- [DIRECTIONS FOR THIS TASK]
Beginning at the line containing "Schlafzimmer mit Doppelbett", repeat each line below exactly up to and including the line containing "408 White Oak Drive Property Photo". Do not repeat the pictures.

INPUT RECORDS: Begin

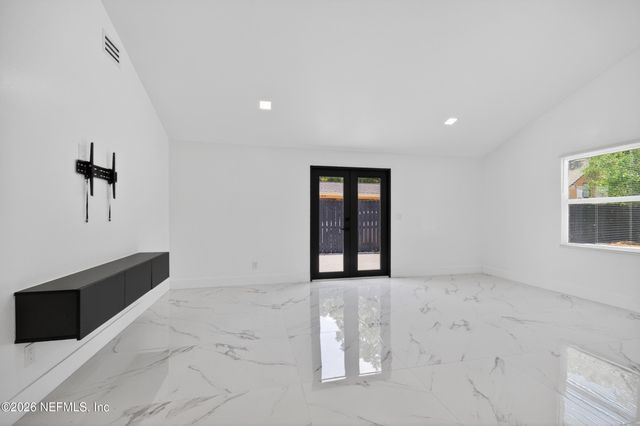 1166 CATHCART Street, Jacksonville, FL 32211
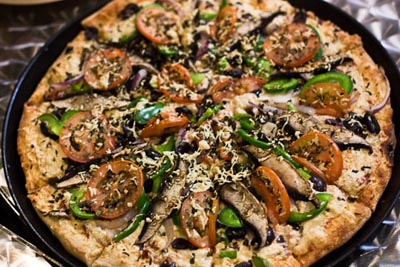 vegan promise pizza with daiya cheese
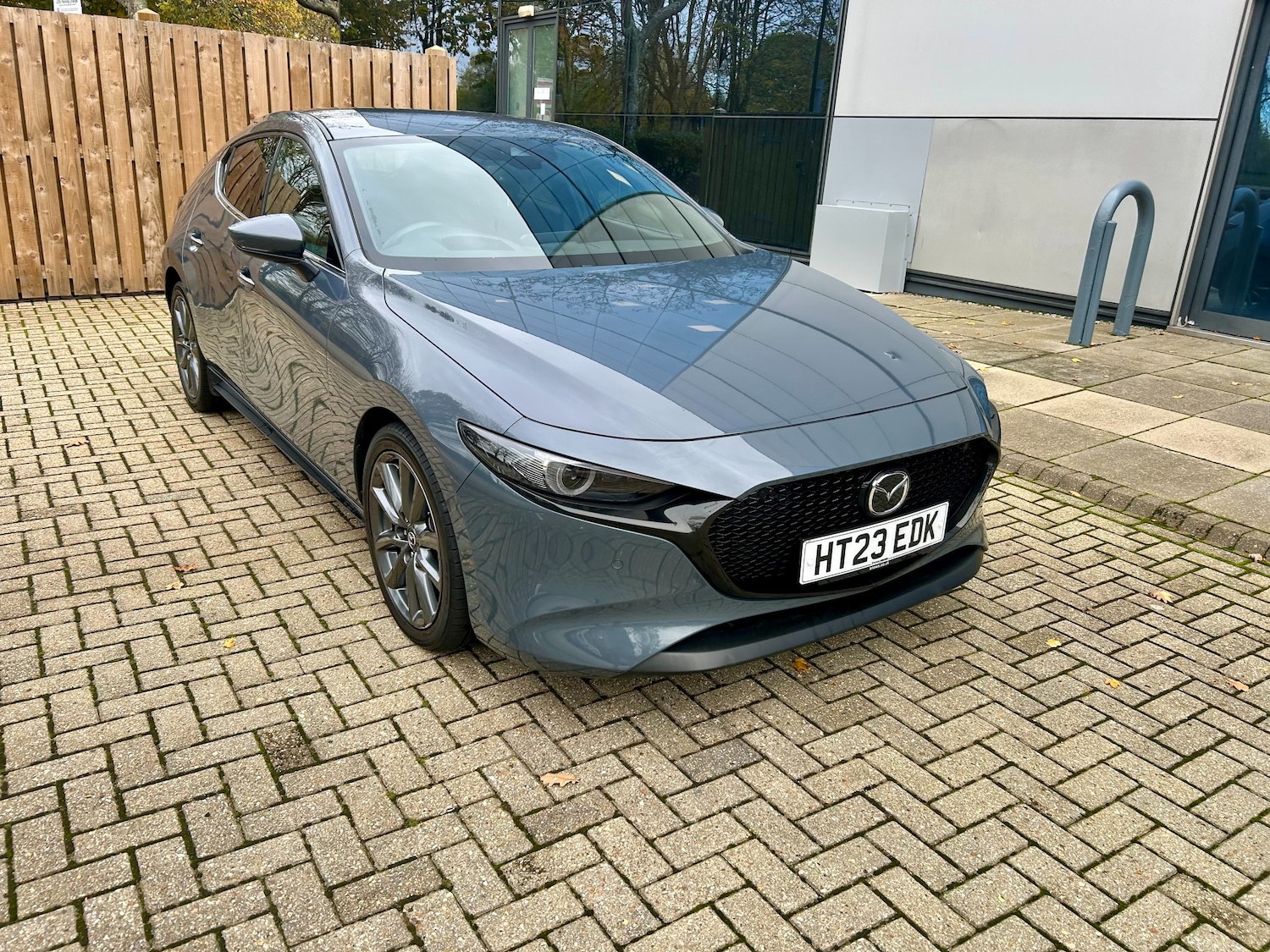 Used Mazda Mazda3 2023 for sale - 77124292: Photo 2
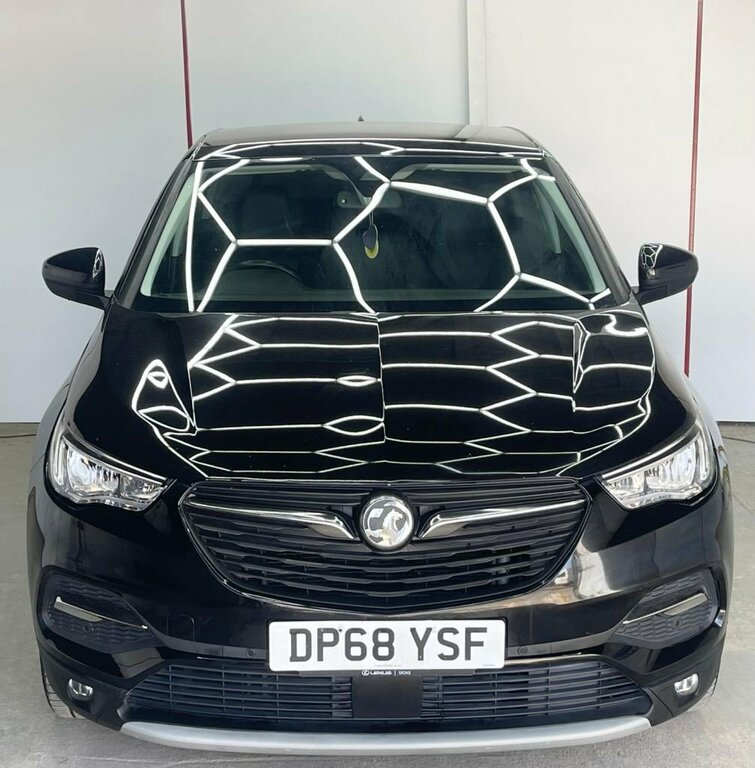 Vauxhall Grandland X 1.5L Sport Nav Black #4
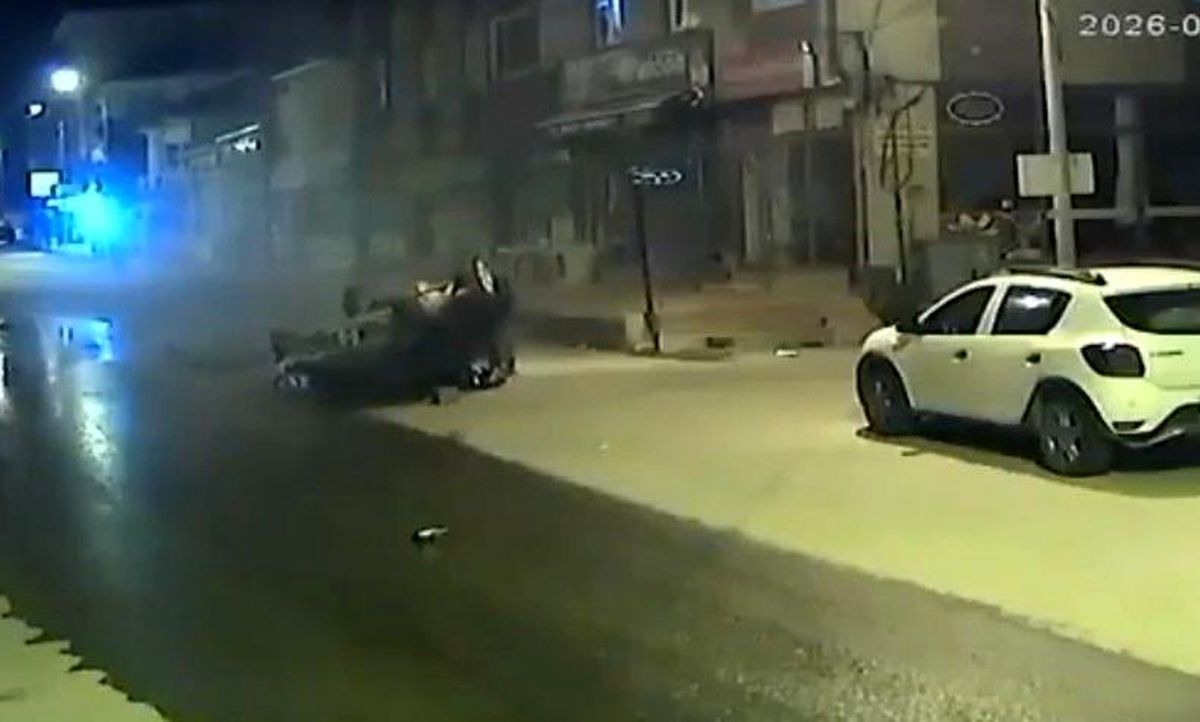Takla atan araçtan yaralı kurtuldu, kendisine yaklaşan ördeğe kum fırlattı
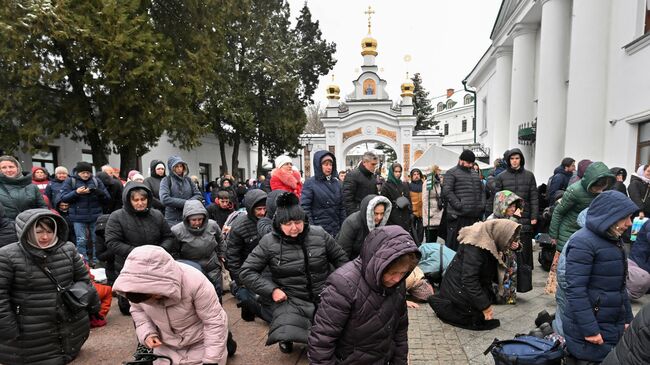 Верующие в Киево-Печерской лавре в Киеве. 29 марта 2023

INPUT RECORDS: End
INPUT RECORDS: Begin

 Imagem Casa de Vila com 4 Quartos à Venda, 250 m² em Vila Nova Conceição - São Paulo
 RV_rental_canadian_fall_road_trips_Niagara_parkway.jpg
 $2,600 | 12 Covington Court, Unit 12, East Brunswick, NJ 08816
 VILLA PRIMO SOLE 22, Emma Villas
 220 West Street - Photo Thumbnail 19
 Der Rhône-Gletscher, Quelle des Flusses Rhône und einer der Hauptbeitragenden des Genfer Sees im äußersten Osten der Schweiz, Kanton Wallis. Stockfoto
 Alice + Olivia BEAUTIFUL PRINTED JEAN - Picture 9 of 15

INPUT RECORDS: End
INPUT RECORDS: Begin

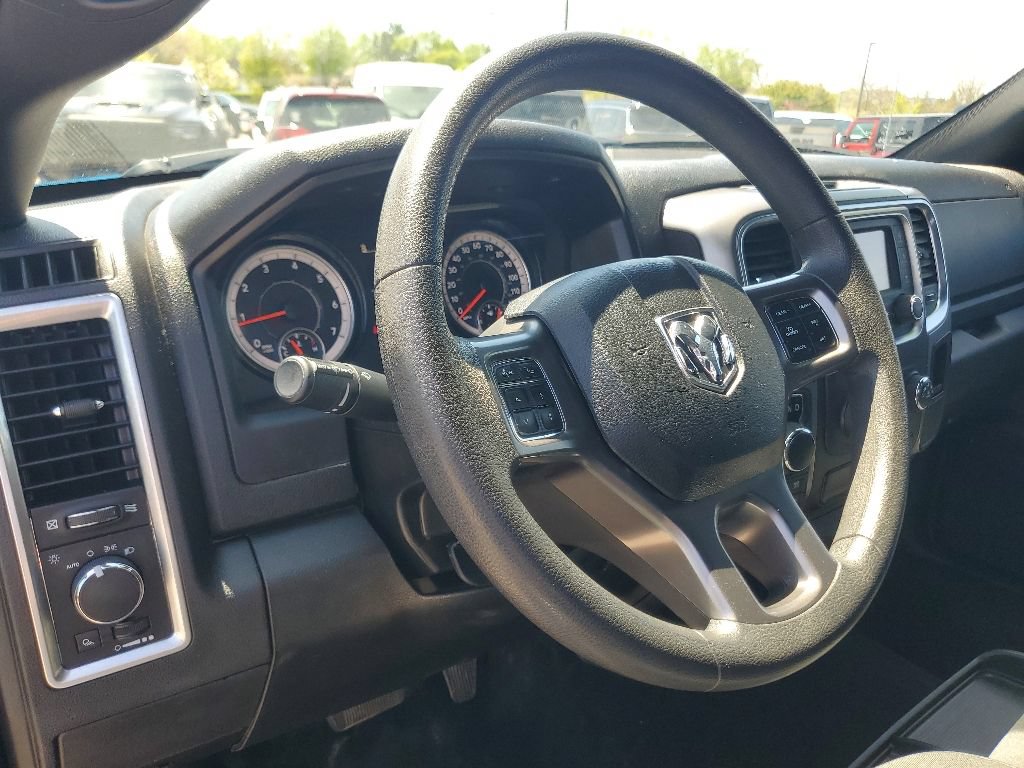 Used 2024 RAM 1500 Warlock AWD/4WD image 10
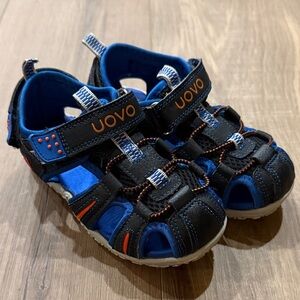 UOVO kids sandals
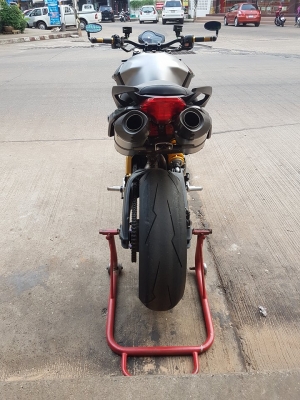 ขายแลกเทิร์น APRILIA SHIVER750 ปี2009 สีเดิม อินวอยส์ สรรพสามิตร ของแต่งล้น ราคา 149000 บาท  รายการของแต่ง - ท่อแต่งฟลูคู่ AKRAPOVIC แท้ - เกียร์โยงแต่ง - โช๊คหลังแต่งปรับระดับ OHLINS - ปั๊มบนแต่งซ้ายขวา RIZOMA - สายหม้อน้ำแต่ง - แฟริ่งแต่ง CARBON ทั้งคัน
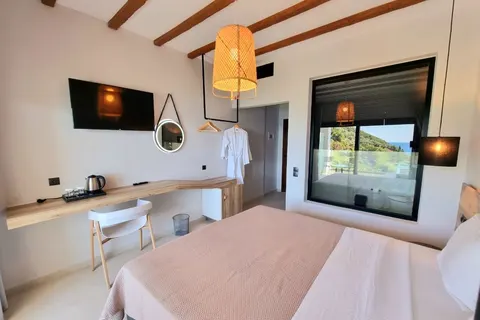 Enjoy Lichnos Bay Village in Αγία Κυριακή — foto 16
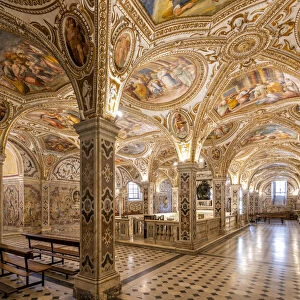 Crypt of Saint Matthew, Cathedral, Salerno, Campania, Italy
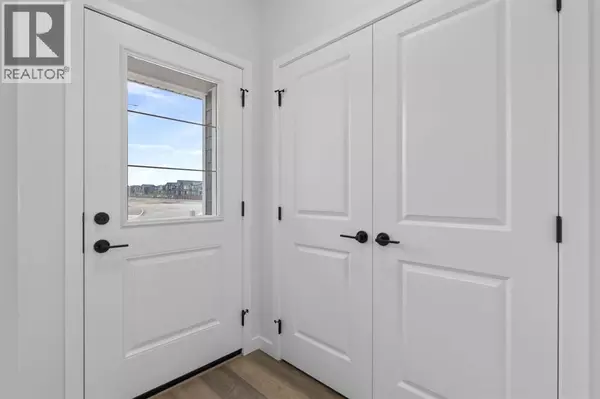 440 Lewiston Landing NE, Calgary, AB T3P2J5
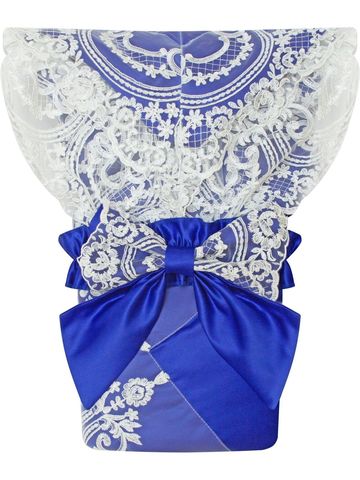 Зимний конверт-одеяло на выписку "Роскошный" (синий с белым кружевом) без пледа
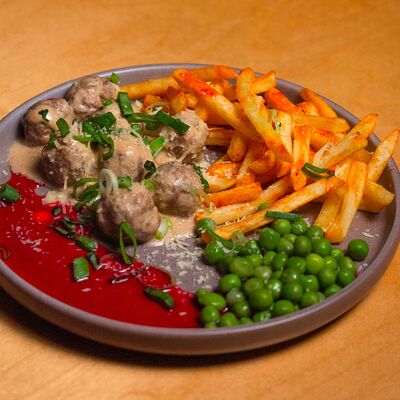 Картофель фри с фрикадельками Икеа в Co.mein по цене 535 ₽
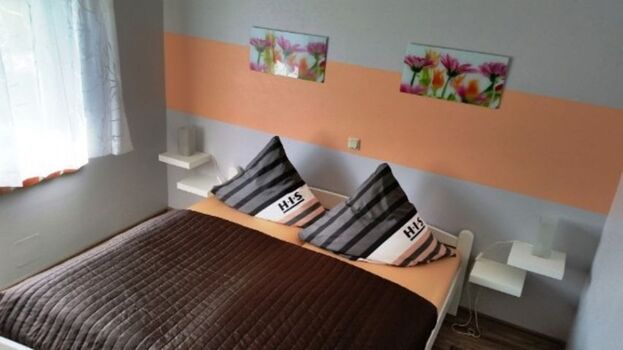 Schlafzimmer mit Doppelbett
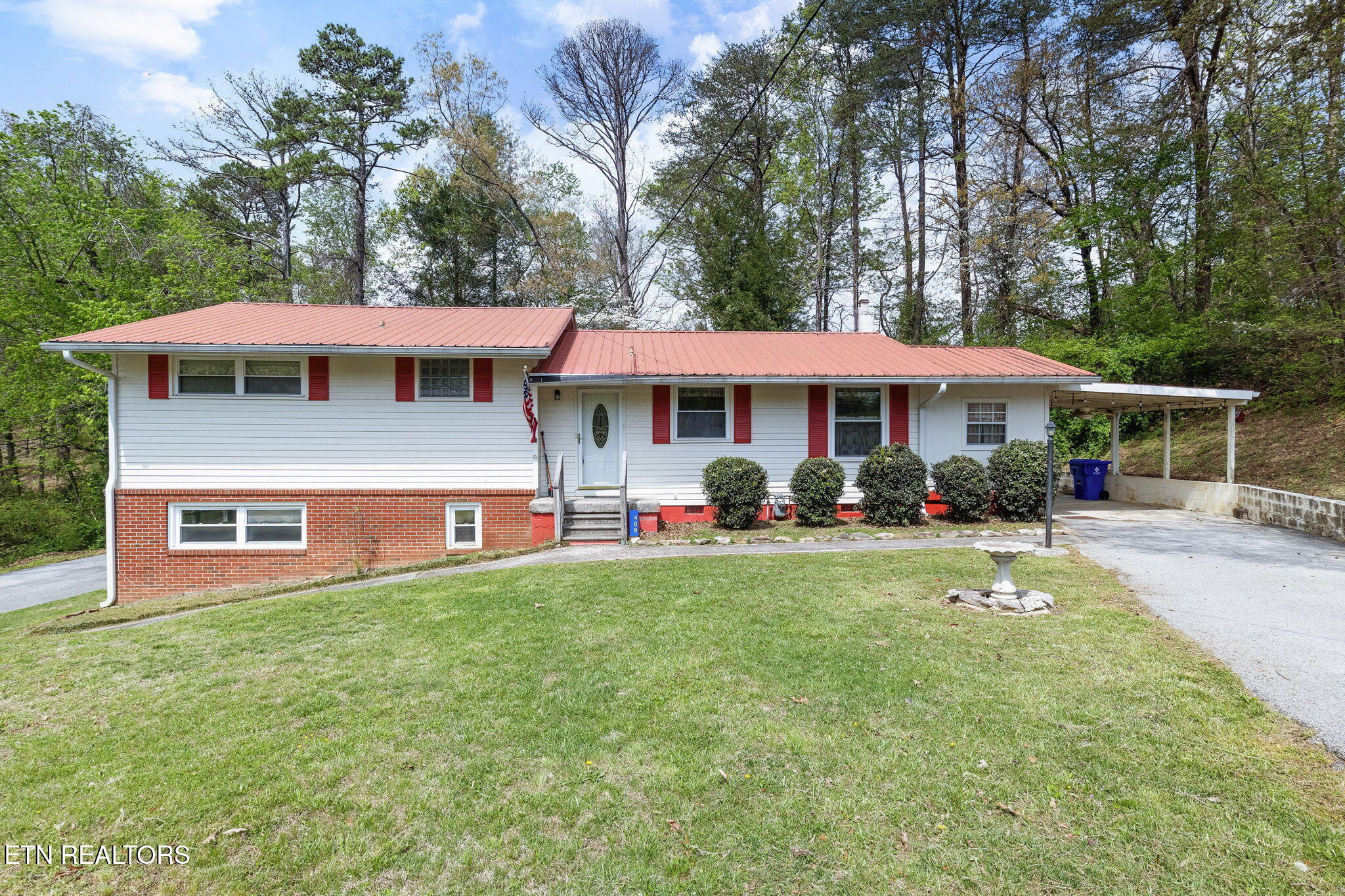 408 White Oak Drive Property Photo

INPUT RECORDS: End

- [EXERCISE SOLUTION]
 Schlafzimmer mit Doppelbett
 408 White Oak Drive Property Photo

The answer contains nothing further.